After eight months on active duty, Gebelein returned to the Superior Court, but as it turned out, his call-up had become a calling in nation-building, and he accepted an appointment to a tribunal dealing with war crimes and organized crime in Bosnia & Herzegovina in the aftermath of ethnic strife that ravaged the former Yugoslavia.

Gebelein expects to end his appointment, which began in September 2005, by the end of the year.

Throughout his international endeavors, he has sent e-mail home, sharing glimpses of the rewards and challenges of a newly cosmopolitan life. Anyone wanting to hear Gebelein himself talk about it is welcome at his retirement dinner, although seating is limited. Reservations at $35 are available from the Guard by calling 326-7011 or 326-7008 by Aug. 29.

In the meantime, here is Gebelein's latest e-mail, written Monday. It begins with his observations at "To Be," a favorite restaurant that used to be called "To Be or Not to Be," reflecting the resignation in Sarajevo as the city was being shelled, but changed when the bombing stopped. Gebelein writes:

"Last night I was having an early dinner at the restaurant 'To Be,' which I had discussed in my last letter. It was a beautiful evening, clear and about 62 degrees F, and I was using one of the two tables set up in the small street. The previous evening when I had gone to sleep it was about 98 degrees, but that is Sarajevo.

"During dinner I was approached by a gentleman, probably about 60 years of age and wearing a sports jacket. He was selling what appeared to be North Korean radios for 5 KM or about $3. I declined. A few minutes later it was a small Roma child asking for “Pola Maraka” half a Mark, or about 25 cents. Again I declined, because to give anything is an invitation to the other children waiting at the end of the block. I’ve made that mistake before.

"I saved my coins for the double-amputee war veteran who frequently is on the Ferhedija. He is a very quiet and dignified man; with unemployment at 40 percent for healthy people and with a disability pension of about $20 per month, he can use the few Marks. He is a stark reminder of why we are here, and what the stakes are should this state fail. 

"August is supposed to be a slow month at the State Court. Most of the national judges are on vacation for the month, and many of the international judges are also away. That means that most of the trials will resume at the end of the month when the full panels will be here.

"Of course, that makes the few of us who are here very popular. It still requires a judge’s approval for any visits to detentioners, and that includes by their lawyers. Likewise, a court order is required for trips to the doctor, dentist, etc. Custody reviews for all detentioners must be done in a timely manner, and then their appeals must be heard within 72 hours. Search warrants must be issued and returned. A search warrant return Thursday included live ordnance and explosives that no one wanted to keep in the court building overnight. So while trials are on hold there is still plenty to keep us busy. 

"On Friday morning about 4 a.m., I awoke startled. I was not sure why, and after a few minutes went back to sleep. Later as I left for work, I noticed that the cemetery about 300 yards from my apartment was crawling with police and was circled with crime scene tape. Later on Friday, I found out that what had awakened me was a bomb at the tomb of Alija Isetbegoviæ, the first president of Bosnia & Herzegovina. The bomb did little damage but was again a reminder that tensions are high before elections in October. 

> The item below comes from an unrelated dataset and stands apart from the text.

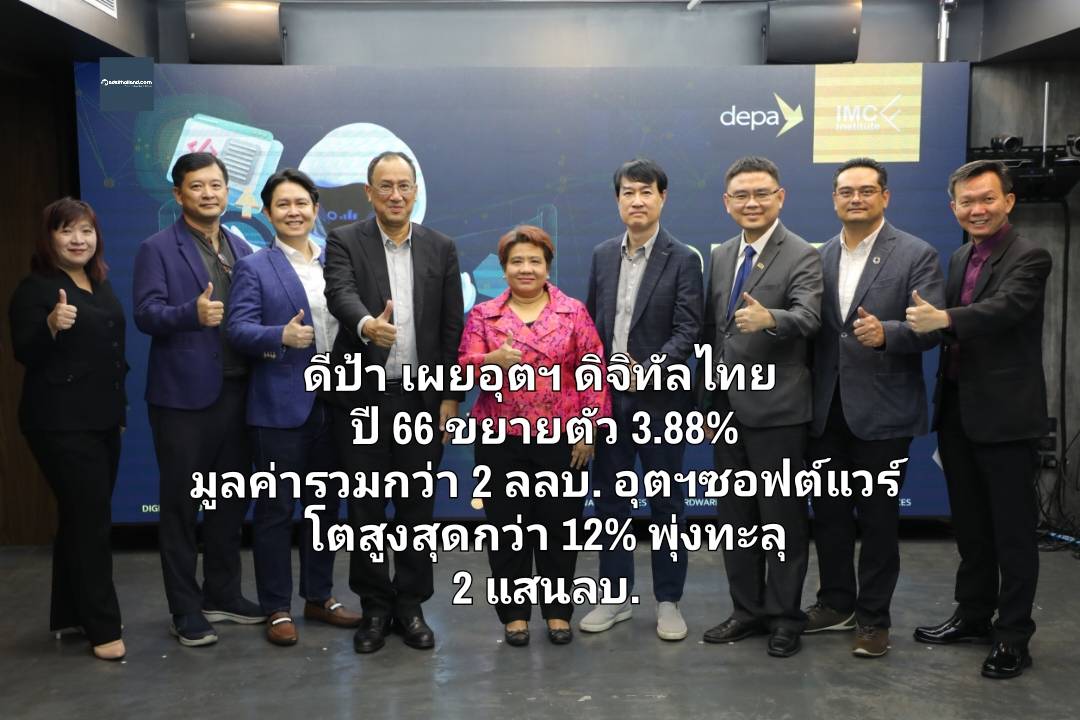 ดีป้า เผยอุตฯ ดิจิทัลไทย ปี 66 ขยายตัว 3.88% มูลค่ารวมกว่า 2 ลล.บาท อุตฯ ซอฟต์แวร์ เติบโตสูงสุดกว่า 12% พุ่งทะลุ 2 แสนล้านบาท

"On the lighter side, when they were doing some work on the court parking lot, they uncovered some artillery shells. The court building had previously been a barracks for the Yugoslav National Army and was used as a site for shelling the city during the siege. They turned out to be spent shells, but they started smoking when uncovered, causing a partial evacuation. Apparently they had still retained some phosphorus that reacted to the oxygen and rain water. 

"I am looking forward to visiting home in early September and my formal retirement from the Delaware National Guard. It will be good to see old friends."